De Castries: "I'm blowing up the installations. The ammunition dumps are already exploding. Au revoir."

Cogny: "Well, then, au revoir, mon vieux." (literally 'my old one', more commonly translated as 'my friend', 'my fellow' or the phrase 'old man' in a sense of friendship)

By nightfall, all French central positions had been captured and Dien Bien Phu had fallen.
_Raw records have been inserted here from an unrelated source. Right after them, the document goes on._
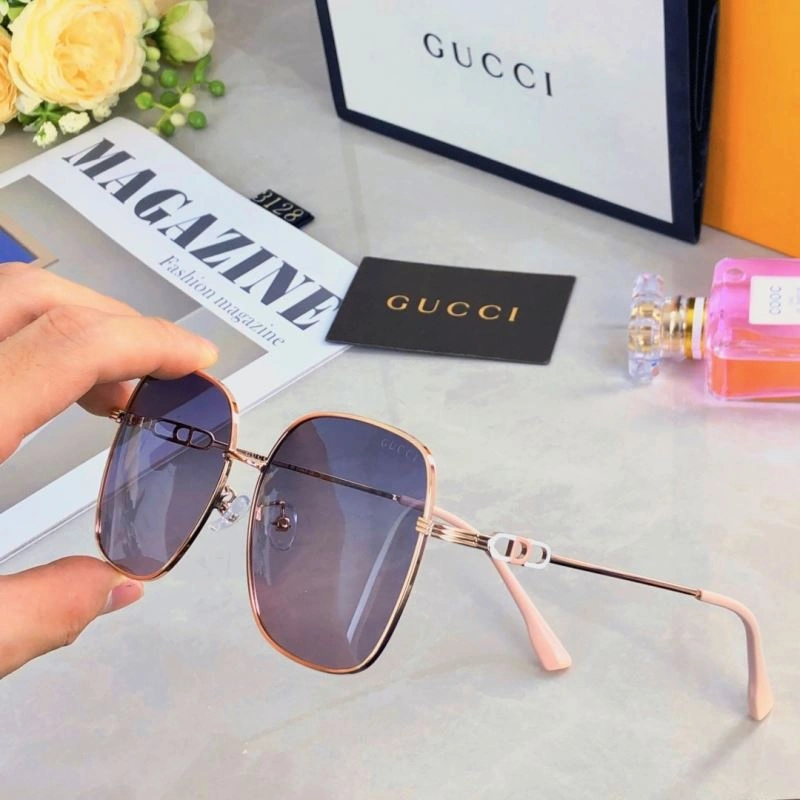 Efficient Gucci Sunglasses 279717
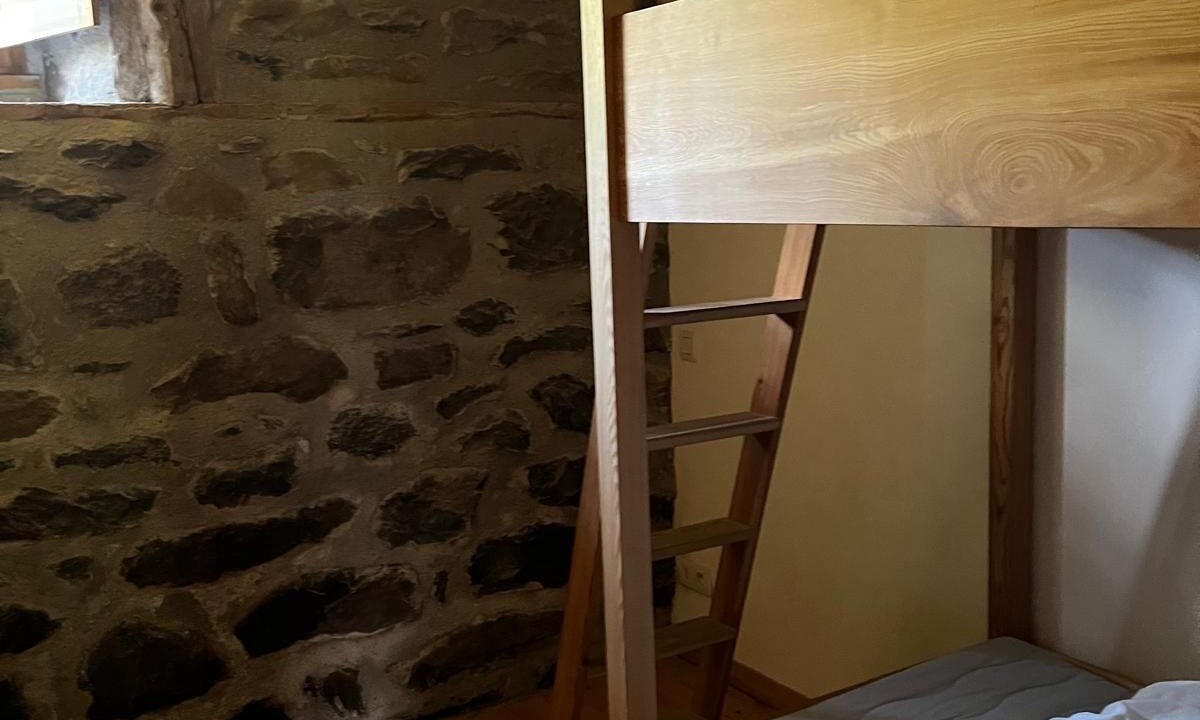 Photo of Bedroom in Saint-Front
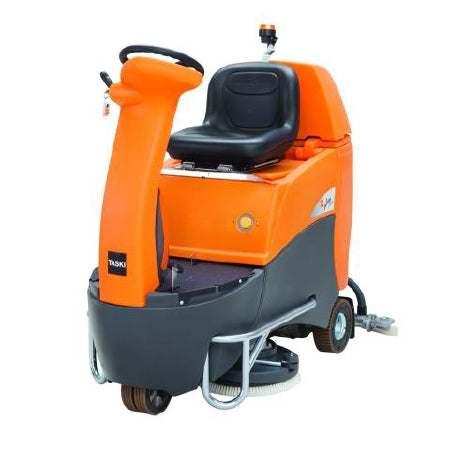 TASKI swingo 2500 - Auto Scrubber Battery Operated - Sealed Air *Diversey* - D5594186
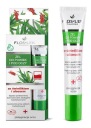 Flos Lek Pharma gél na očné viečka s aloe 15 ml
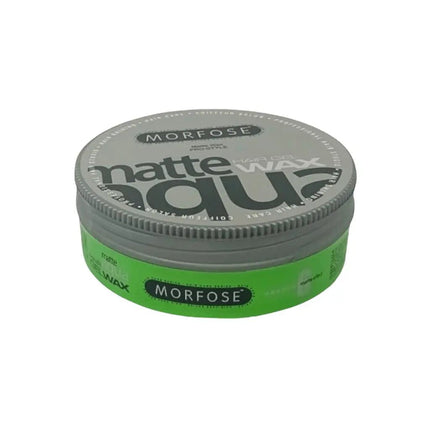 SEO. Morfose - Haarwachs Matte Aqua - 175 ml - Linkreich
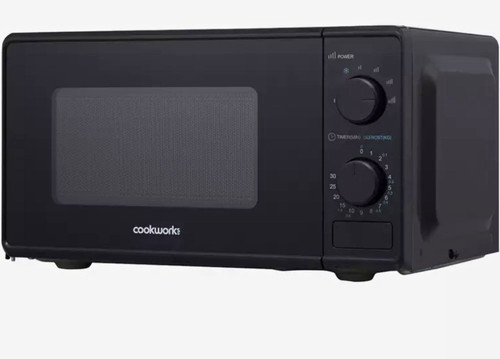 Cookworks 700w 20l - cookworks, 11-20l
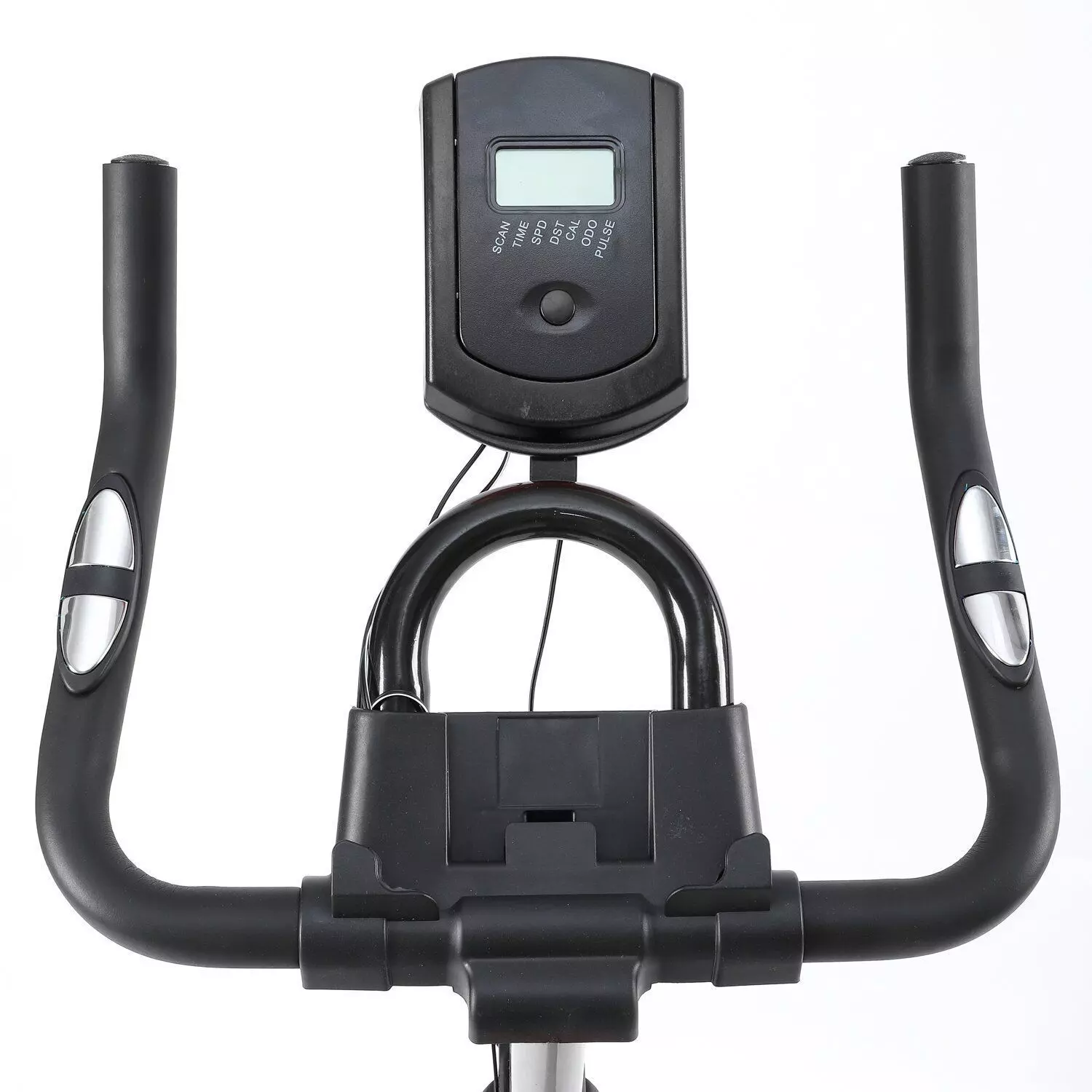 Bicicleta Spinning 2.5 PRO-2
===African command and death===
After Indochina, Cogny went on to become a lieutenant general. In January 1957, an assassination attempt on General Raoul Salan in Algeria was revealed to have been executed by a former French paratrooper intending to have Salan replaced by Cogny, who nevertheless went on to become commander of French forces in Central Africa by 1963. On 11 September 1968, while flying across the Mediterranean, Cogny's Air France Sud Aviation Caravelle crashed near Nice. Cogny was killed in the crash along with 94 others.

==Command style==
Cogny is seen by historians to have had a particular style of military pomp during his time in Vietnam. Bernard B. Fall remarked that it took "a special kind of guts and dash" to fulfill Cogny's role during the conflict. As well as "Le General Vitesse", Cogny was known to his men as 'Coco the Siren' due to his use of motorcycle outriders with sirens. He was a popular commander with his men, and particularly with journalists with whom he often dealt in place of his more reclusive superiors. Cogny focused his interest on the Tonkin Delta region where his troops were stationed, calling himself "Delta Man". On 7 June 1954 Cogny was the subject of an article in Time Magazine with the title "Delta General." Despite his popularity, Cogny was said to be "sensitive to criticism" and had a tendency to "brood on real or imagined injuries." He is criticsed by Roy as having focused overly on blaming Navarre for defeat in Indochina rather than working on a solution.